How exactly does (or will?) this decentralisation work?
No you're not. Amazon is not the software that runs the website. 'Amazon' is the millions of relationships that Amazon has with suppliers and customers. It's the strong brand, the trust that people have that they can shop there safely, the sheer scale of the operation meaning that products are about as cheap as possible and will arrive when Amazon say they will. It's the ease of using an invisible, massively optimized chain of systems from a pretty basic app.
You can't build a new (and hopefully better) Amazon by copying the software. You need to work out how to get sellers and buyers to come to your site before they go Amazon, then build that thing so they do. How good the software is and whether it's open source of not probably doesn't matter. Better software is never going to be enough of a reason for people to switch away from Amazon.
https://codeberg.org/flohmarkt/flohmarkt
I could go to the individual product website.
But having everything I've ever ordered in one place is massive value.

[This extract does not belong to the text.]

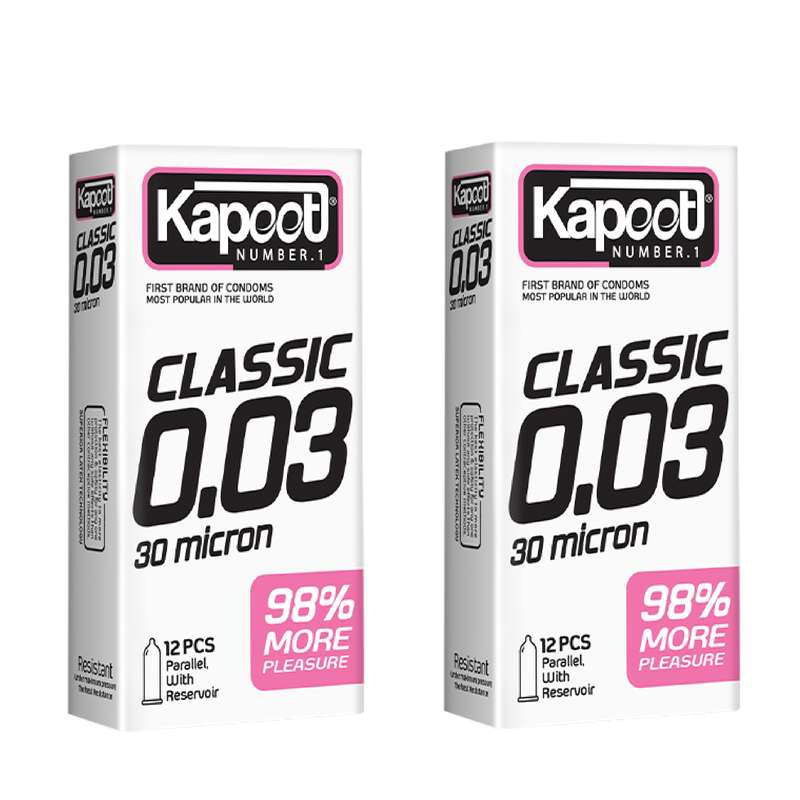 کاندوم کاپوت مدل 30 میکرون مجموعه 2 عددی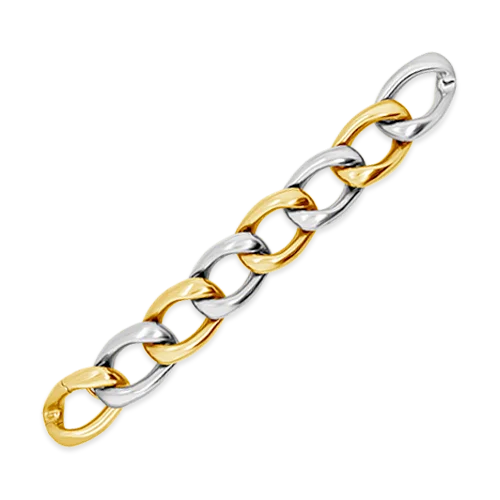 ladies rose gold bracelets star design -Yellow & White Gold Link Estate Bracelet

The value of Amazon and other marketplace systems, what I think many would say is their distinguishing factor, is capital L Logistics. It’s the warehouses, the return systems, quality control, customer support, international shipping and importing, inter-warehouse trucking and a network of last mile delivery, all tuned to minimise costs. An open source platform that handles all of that somehow would actually be revolutionary, but even the design of the system would require actual years of user research and mastery of systems that are truly arcane.